Er is een trio voor én na deze cd

May 2017
Een album opnemen: het doet wat met een ensemble. Barbara Baltussen en Pieter Jansen kunnen er met het Trio Khaldei over meespreken. Hun eerste cd ligt sinds vorige maand in de rekken en bevat onder meer de beide pianotrio’s van Sjostakovitsj. ‘Zijn muziek heeft zo’n onwaarschijnlijke geladenheid en is tegelijk ook bijzonder gelaagd en ambigu. Net dat spreekt ons ontzettend aan.’

Tim De Backer in gesprek met het Trio Khaldei

Het is de dag na Pasen. De klok van de Sint-Katelijnekerk slaat voor de vijfde keer. Op de parvis staan twee muzikanten mij op te wachten. Het zijn pianiste Barbara Baltussen en violist Pieter Jansen, die samen met cellist Francis Mourey het Trio Khaldei vormen. Dit pianotrio, dat in 2011 werd opgericht, heeft zopas een nieuwe mijlpaal bereikt: in maart kwam hun allereerste cd op de markt, met daarop werken van Dmitri Sjostakovitsj en Sergej Prokofjev. En daar valt natuurlijk wel het een en het ander over te vertellen. Voldoende reden dus om beide over dit schijfje aan de tand te voelen. ‘Je maakt zo’n opname voor een groot stuk voor jezelf, omwille van de muzikale weg die je op die manier aflegt. Die evolutie is eigenlijk de grootste winst.’

De directe aanleiding voor dit gesprek is jullie eerste opname met daarop werk van Sjostakovitsj en Prokofjev. Vanwaar de keuze voor deze twee componisten, en jullie sterke hang naar de Russische kamermuziek, in het bijzonder deze uit de 20ste eeuw? Is er voor dit debuut soms ook aan ander repertoire gedacht?

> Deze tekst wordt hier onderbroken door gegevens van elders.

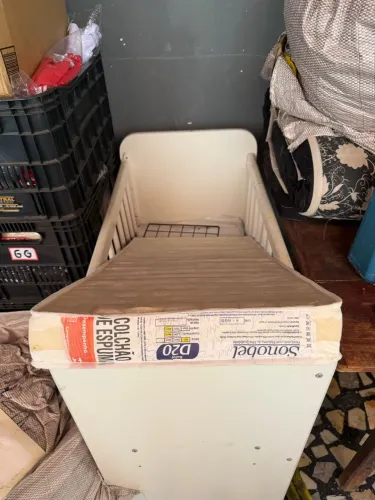 Berço para bebê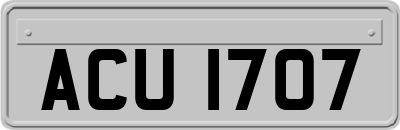 ACU1707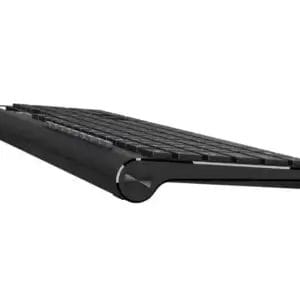 Genius SlimStar 7230 USB US wireless crna tastatura - Slika 2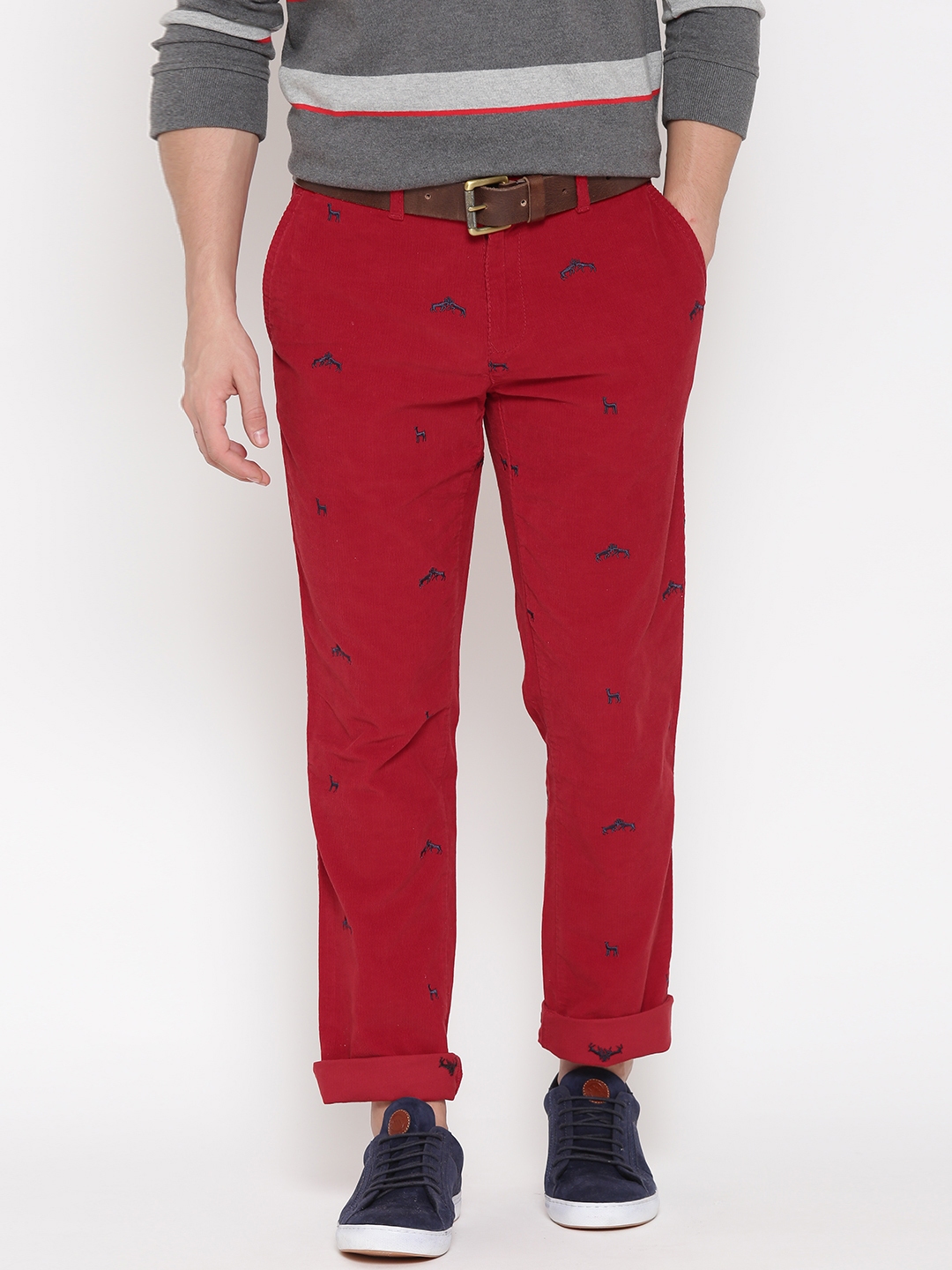 tommy hilfiger trousers mens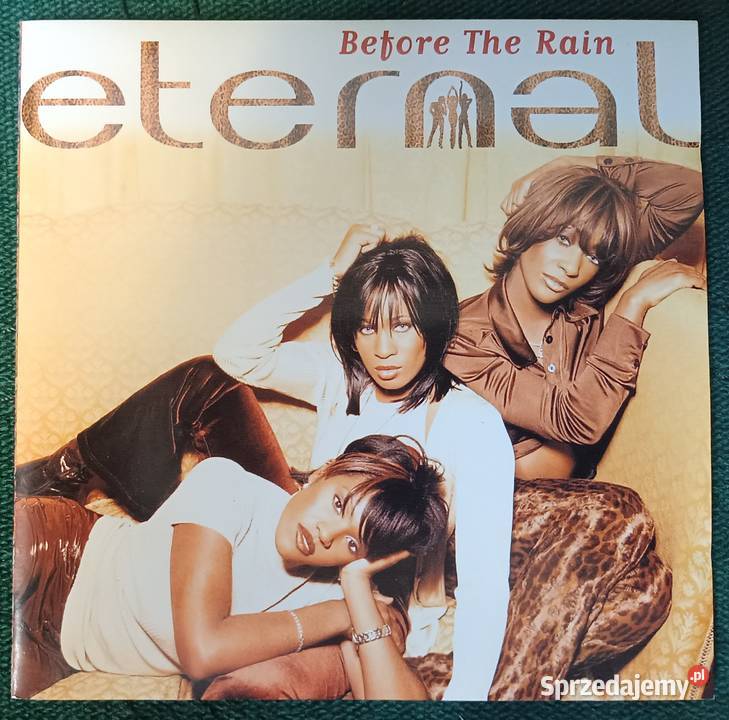 Eternal Before the rain CD 1997 Zbylitowska Góra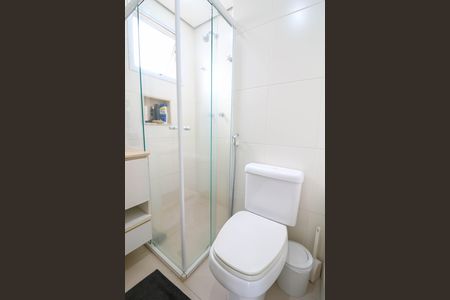 Apartamento para alugar com 95m², 3 quartos e 2 vagasBanheiro da Suíte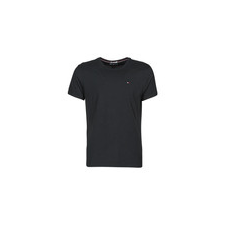 Tommy Jeans Rövid ujjú pólók TJM ORIGINAL JERSEY TEE Fekete EU XXL férfi póló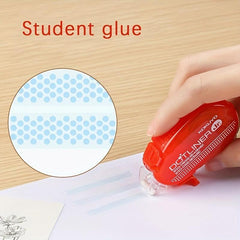 8M Double Sided Adhesive Paper Tape Japanese Stationery Supplies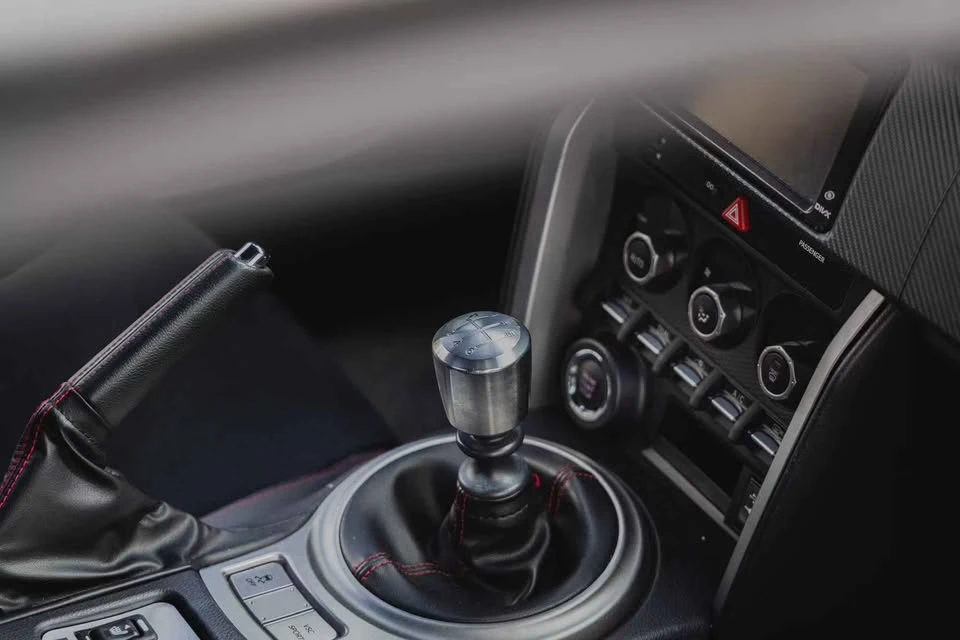 2015 Subaru BRZ 1st Gen - Image 7 of 7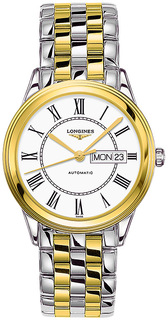 Наручные часы мужские Longines Flagship L4.899.3.21.7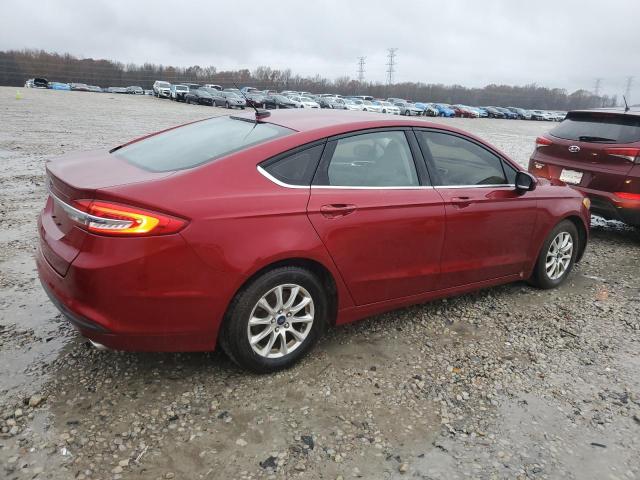 2017 FORD FUSION S - 3FA6P0G77HR392629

Barbara: Persoonlijk heb ik een heel grote voorkeur voor Russische muziek. Ik heb in het verleden ook vaak Rachmaninov gespeeld. En het tweede pianotrio van Sjostakovitsj is ook het eerste werk dat we als Trio Khaldei op concert hebben gebracht. Gaandeweg is dat dan geëvolueerd tot ons lijfstuk, en het heeft ook mede onze naam bepaald. Dat wil natuurlijk niet zeggen dat we van in het begin besloten hebben dat we ons enkel op deze muziek zouden toespitsen, maar het is wel muziek die we ongelooflijk krachtig vinden en al het langste spelen. Onze interpretatie ervan is dus al het meest gerijpt.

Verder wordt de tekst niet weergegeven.